He made himself say the words, though he felt flushed with embarrassment. He had rehearsed them in his mind all the way home from the Annex.
"Do you love me?"
There was awkward silence for a moment. Then Father gave a little chuckle. "Jonas. You of all people. Precision of language, please!"
"What do you mean?" Jonas asked. Amusement was not at all what he had anticipated.
"Your father means that you used a very generalised word, so meaningless that it's become almost obsolete," his mother explained carefully.
Jonas stared at them. Meaningless? He had never before felt anything as meaningful as the memory.
"And of course our community can't function smoothly if people don't use precise language. YOu could ask, 'Do you enjoy me?' The answer is 'Yes,'" his mother said.
"Or," his father suggested, "Do you take pride in my accomplishments?' And the answer is wholeheartedly 'Yes'."
"Do you understand why it's inappropriate to use a word like 'love'?" Mother asked.
Jonas nodded. "Yes, thank you, I do," he replied slowly.
It was his first lie to his parents.



Reflections
After reading this extract, I really felt a mixture of emotions--pity, shock and much more, but the most I felt was pity. I was really moved. We often take our parents' love for granted, thinking that it is natural and that we deserve it, in some way. In The Giver, however, the children do not receive love from their parents. Instead, they receive things like recognition, pride, even enjoyment; anything, but love.
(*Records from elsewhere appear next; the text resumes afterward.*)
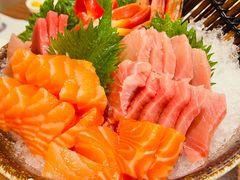 -大渔铁板烧(东城店)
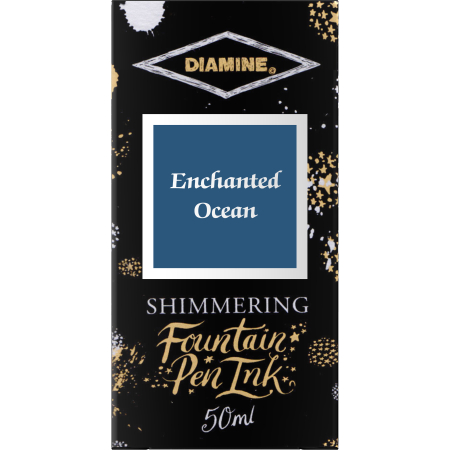 Calimara Shimmering 50 ml - Enchanted Ocean [2]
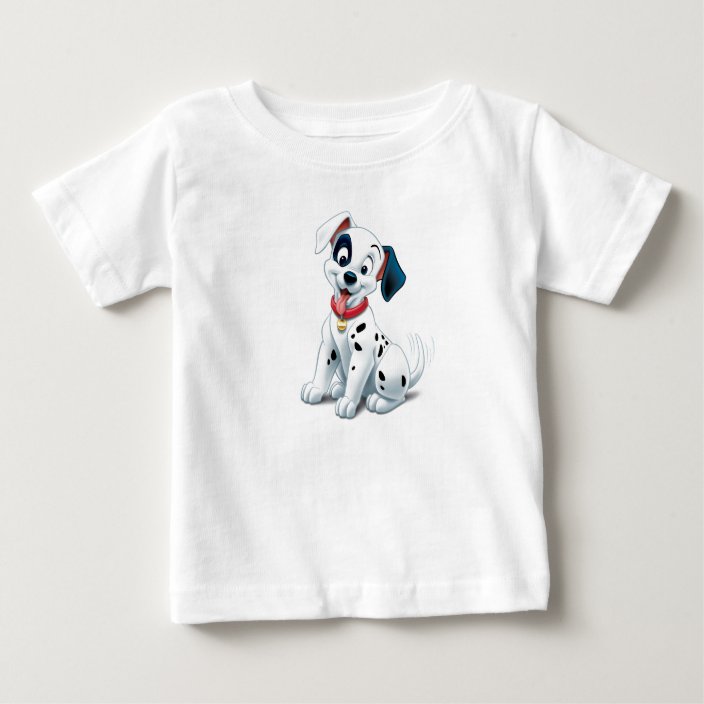 disney dalmatian baby clothes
Afte reading this I not only felt sorry for Jonas, but also for people like Asher and Fiona as well. This way of living in a world devoid of any feelings like love was extremely cruel, not only toward the children, but also toward the parents. From this I deduced that the parents the children were living with were actually not their real parents. Even if they were, however, there was a strong sense of distance. Homes were referred to as "family dwellings" in the Giver, and words like love were considered as inappropriate, or vague. The most heart-wrenching part about this entire thing was that Jonas and the Giver were the only people who were exposed and actually knew love. The community might have been under the impression that upon removing things like familial and parental love, forcing people to have sameness would keep the people safe, and everyone would live in peace; but they were wrong in removing such things, as that only made the people live in ignorance their whole lives, about the power of familial love.
The people in the community just felt it was a way of life, and felt that the absence of love was not really a big deal.
After reading this extract, I felt a large surge of appreciation toward my family and parents, especially. Our world may not be as peaceful, controlled or as safe as the world portrayed in the Giver, but at least we have things like snow, colour, laughter and music, which are actually part of our lives without us knowing it. Therefore, from this extract I learned and understood a lot, and that's why I chose to post it on my blog.
I hope my readers will enjoy the extract or book as much as I have, appreciate our world, and feel thankful that it is not the so-called Utopia portrayed in the Giver, as the more people try to construct their own Utopia, the more dis-Utopian it turns out to be.